Im Winter 2012 kamen Flüchtlinge aus Italien dazu, für die das Protestcamp vor allem eim Ort zum Überleben war: Sie flohen vor Obdachlosigkeit, Hunger und Perspektivlosigkeit in Italien nach Berlin. Damit wurde der Oranienplatz ein Symbol für die Unmenschlichkeit und Grausamkeit der deutschen Asylpolitik und der EU-Asylpolitik.

Leider haben wir es nur bei einzelnen Aktionen geschafft, die verschiedenen Gruppen und Interessen der Flüchtlinge auf dem Oranienplatz zu verbinden. Das Asylsystem hat uns gespalten. Auch unter den Unterstützer*innen gab es Machtkämpfe und Spaltungen.

Erinnert (euch) genau! Der Oranienplatz wurde nicht von der Polizei geräumt.

Es waren Flüchtlinge, die die Zelte von anderen Flüchtlingen abräumten.
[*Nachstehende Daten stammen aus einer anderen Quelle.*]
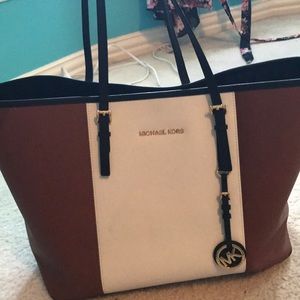 Michael Kors bag like new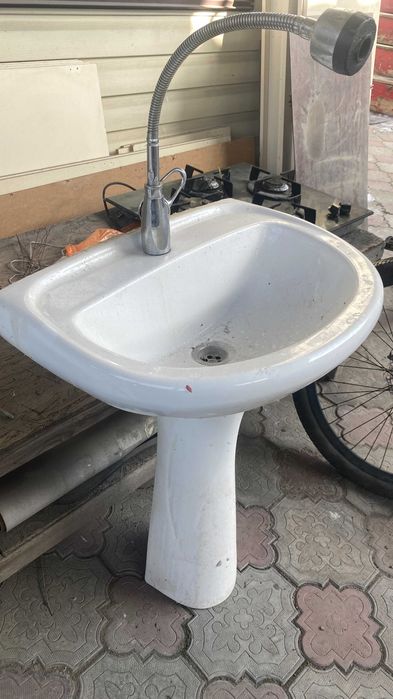 Продам раковину с ножкой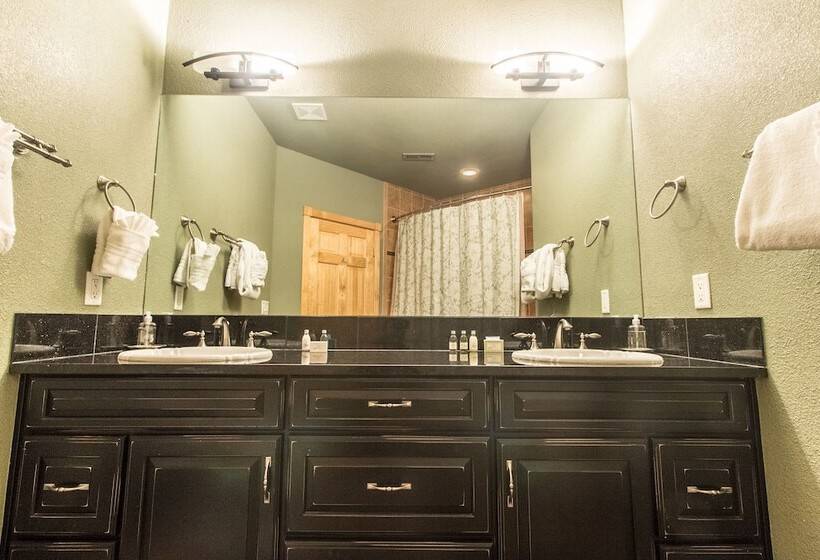 هتل Marys Lake Lodge Mountain Resort And Condos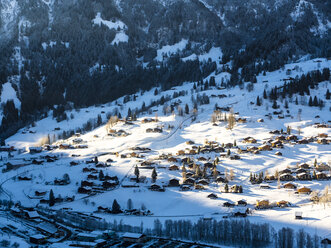 Schweiz, Kanton Bern, Grindelwald, Stadtbild im Winter bei Sonnenaufgang - AMF05342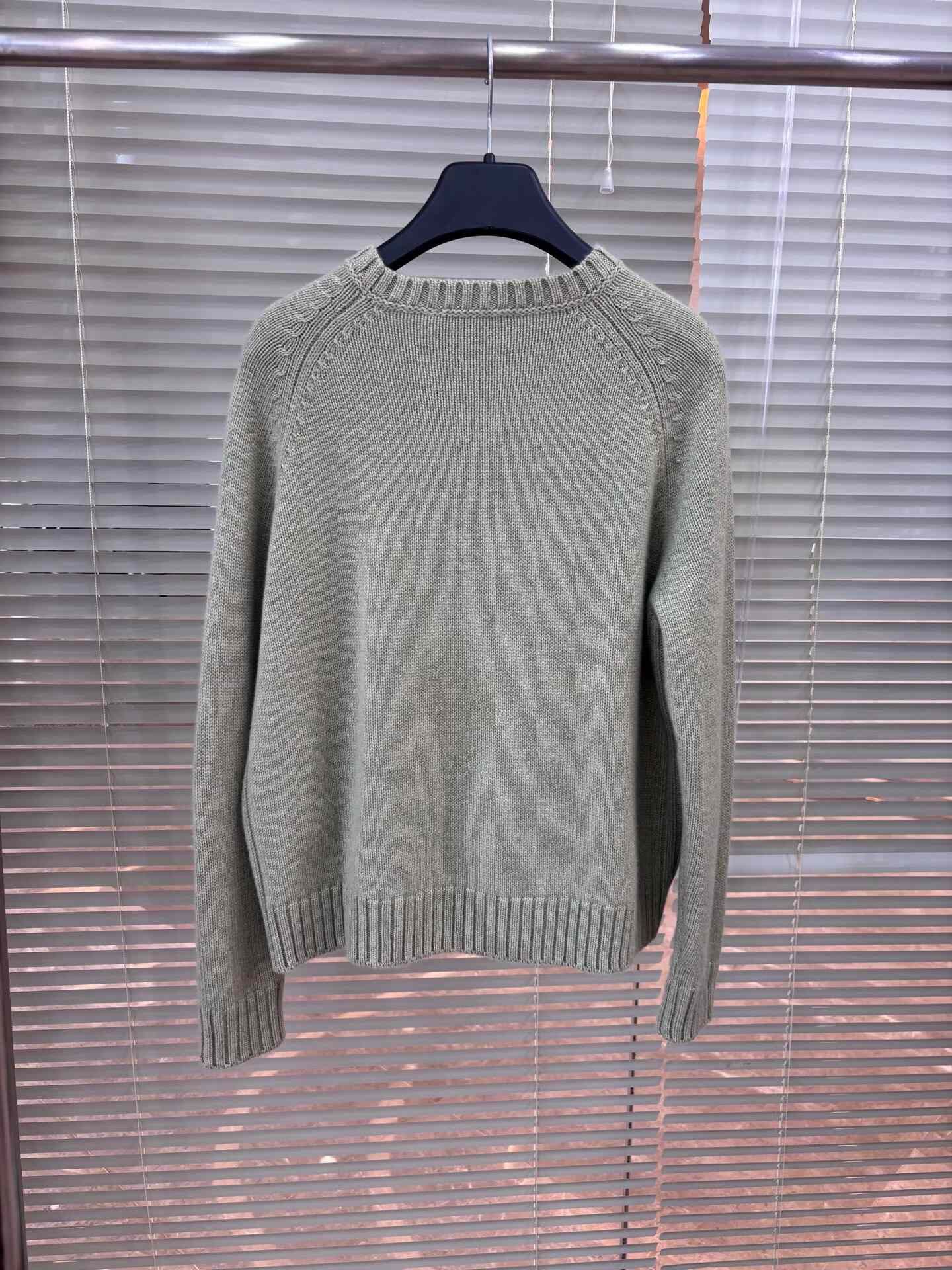 Loro Piana Loro Piana Women's Light Green Saddle Shoulder Sweater Size XS / US 0-2 / IT 36-38 - 2 Thumbnail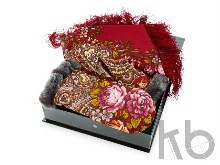 Подарочный набор: Павлопосадский платок, рукавицы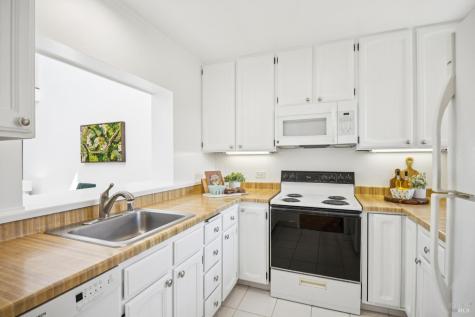 908 Via Casitas Greenbrae CA 94904
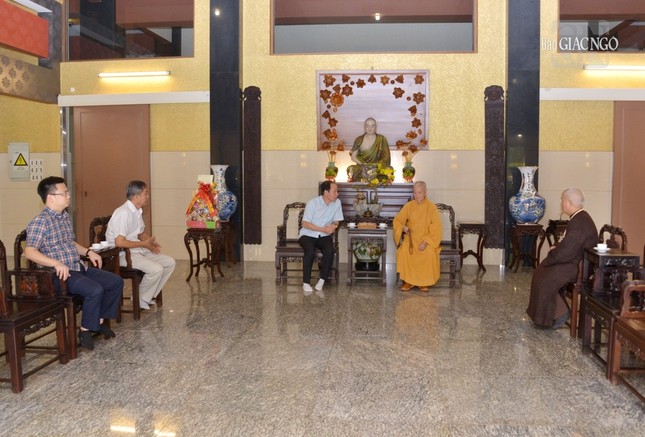 Tại chùa Huê Nghiêm - TP.Thủ Đức Tại chùa Huê Nghiêm - TP.Thủ Đức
Dem Senat war es – auch mit Hilfe sogenannter Unterstützer*innen – gelungen, die Flüchtlinge vom Oranienplatz zu spalten. Lasst uns aus den alten Fehlern lernen, statt sie zu wiederholen. Regierungen und Parlamente spalten uns mit ihrer rassistischen Migrationspolitik. Wir müssen uns dem entgegenstellen und noch enger zusammenwachsen.

Und zum Schluss: Erinnert euch daran, dass heute noch einige Flüchtlinge, die damals auf Oranienplatz waren, keine Aufenthaltserlaubnis haben!

Solange das so ist, gibt es für mich keinen Grund zu feiern.

10 Jahre Protestcamp auf dem Oranienplatz… Kein Grund zum Feiern.